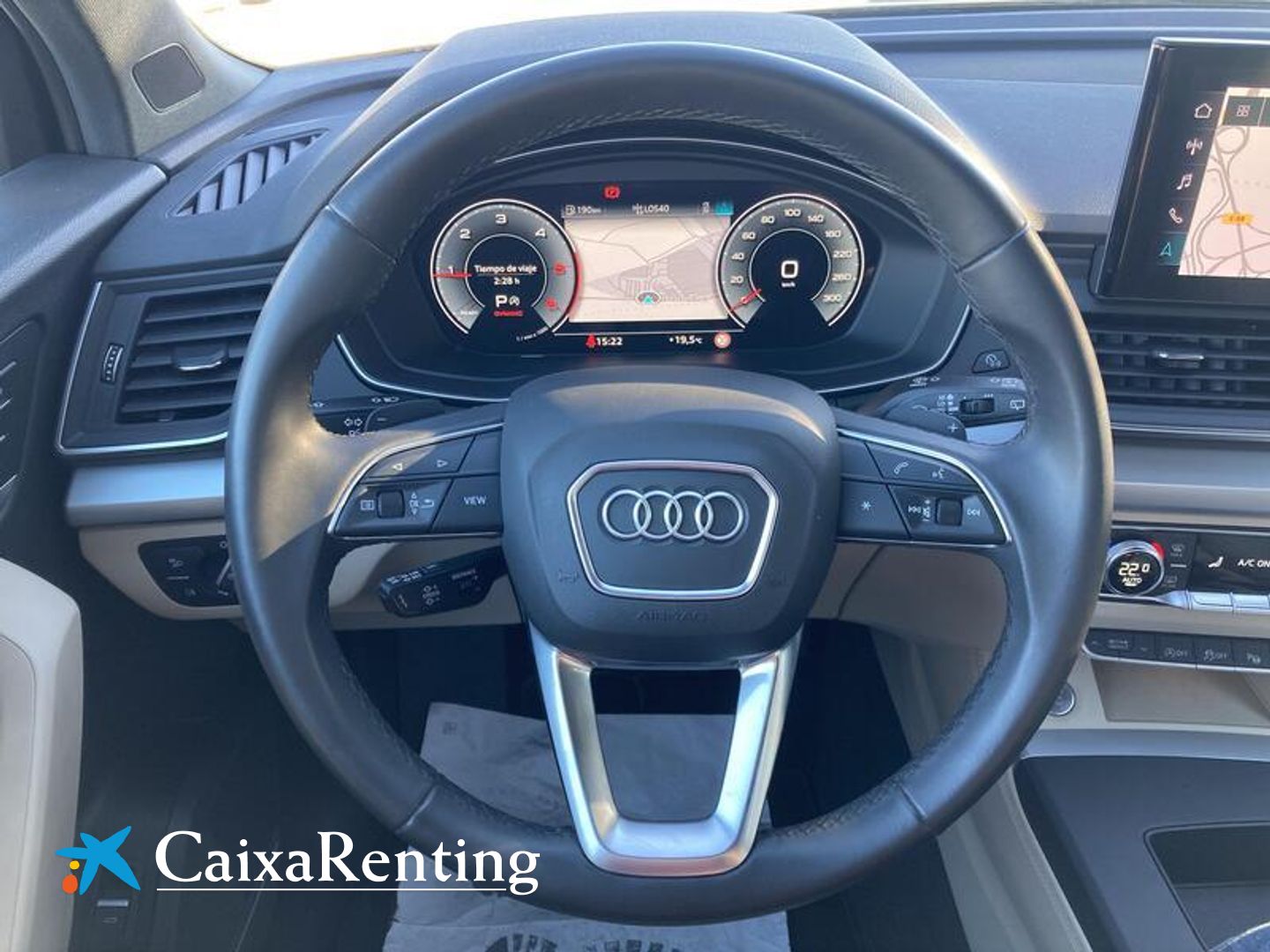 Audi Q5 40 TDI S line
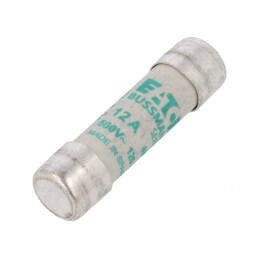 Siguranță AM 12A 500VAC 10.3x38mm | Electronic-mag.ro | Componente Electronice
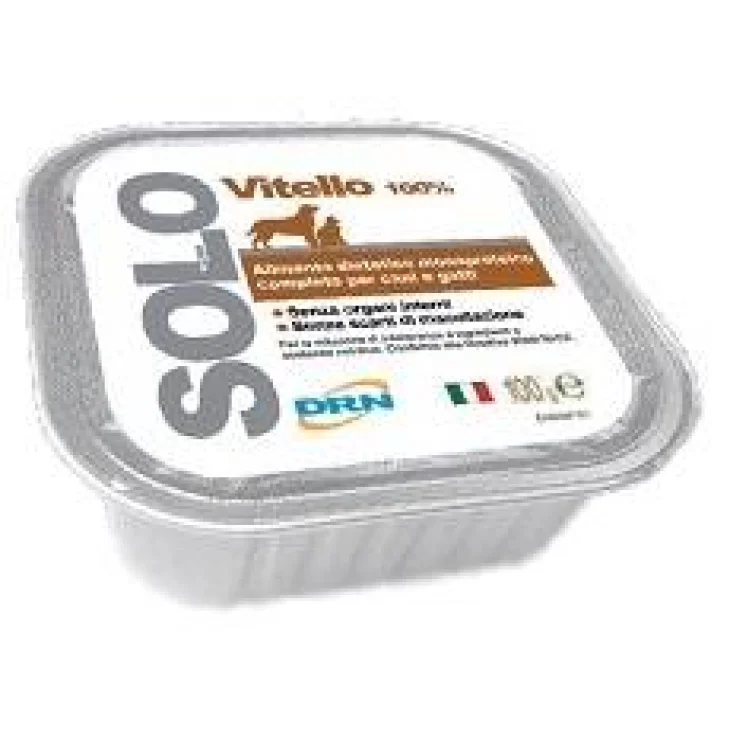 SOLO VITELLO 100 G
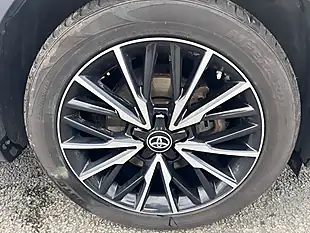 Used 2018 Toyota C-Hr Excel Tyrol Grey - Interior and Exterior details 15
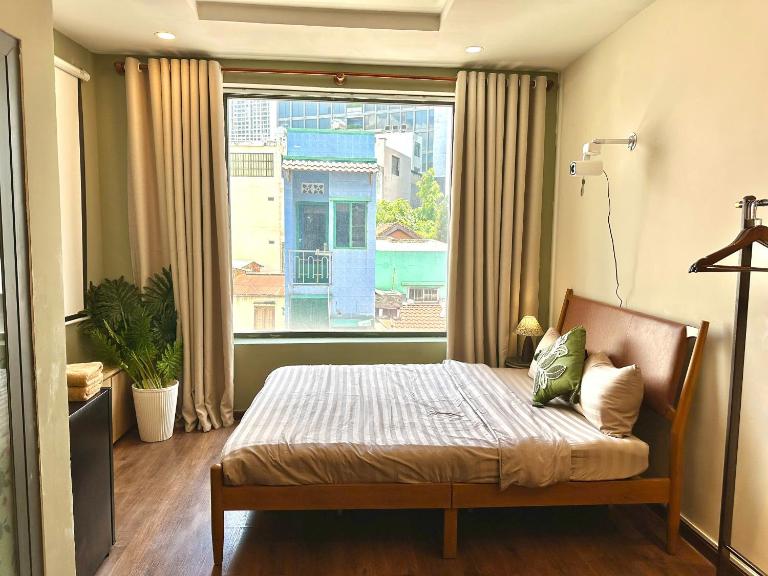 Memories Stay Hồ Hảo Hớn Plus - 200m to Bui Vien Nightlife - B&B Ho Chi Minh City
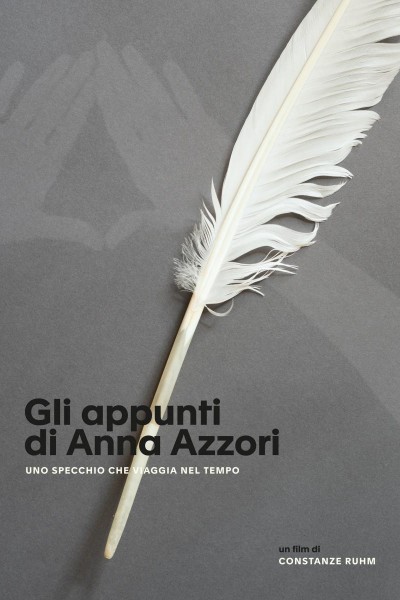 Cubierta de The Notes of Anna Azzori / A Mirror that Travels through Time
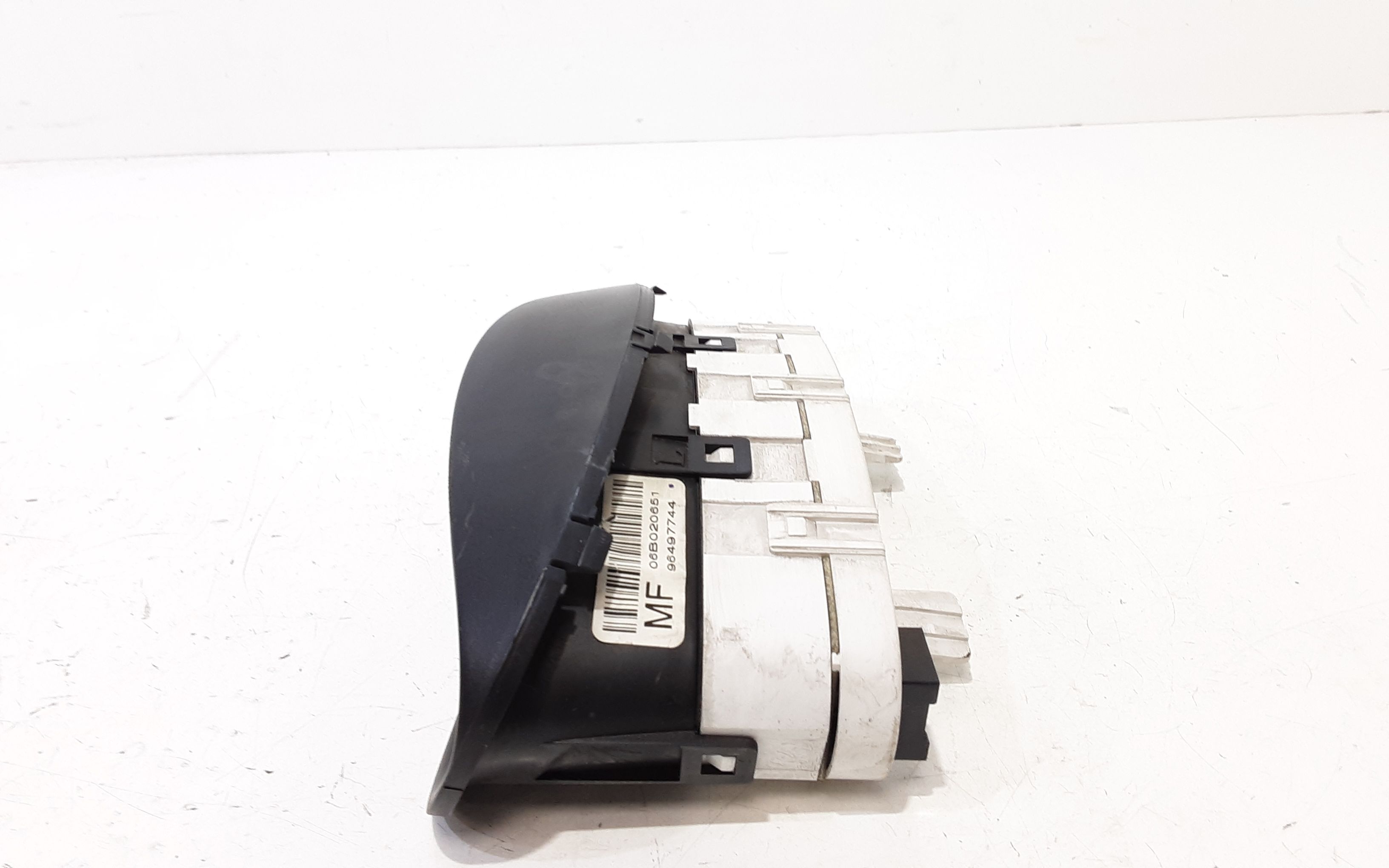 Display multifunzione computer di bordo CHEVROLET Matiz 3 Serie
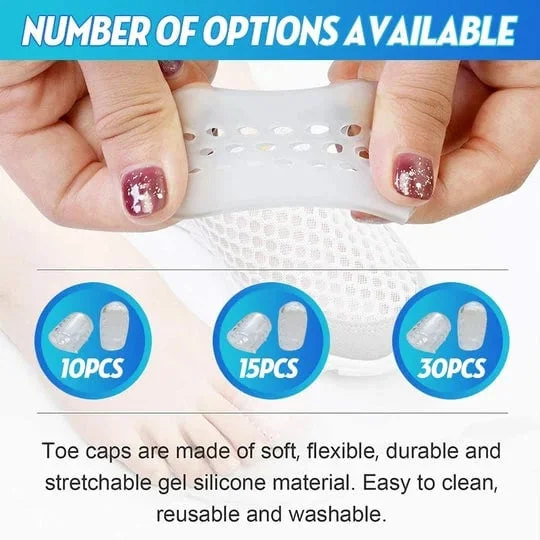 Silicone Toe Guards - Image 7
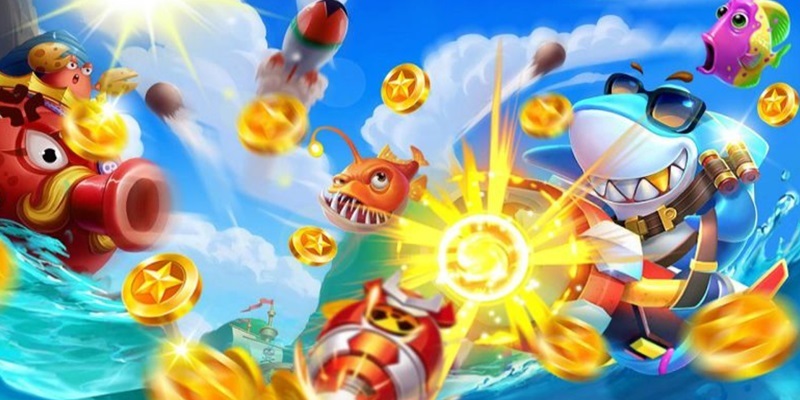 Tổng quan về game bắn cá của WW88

Problem details:
Above are some entries; copy exactly the lines from the line with "SOLO VITELLO 100 G" through the line with "Display multifunzione computer", both included, but none of the pictures.

Answer for this exercise:
 SOLO VITELLO 100 G
 Used 2018 Toyota C-Hr Excel Tyrol Grey - Interior and Exterior details 15
 Memories Stay Hồ Hảo Hớn Plus - 200m to Bui Vien Nightlife - B&B Ho Chi Minh City
 Cubierta de The Notes of Anna Azzori / A Mirror that Travels through Time
 Display multifunzione computer di bordo CHEVROLET Matiz 3 Serie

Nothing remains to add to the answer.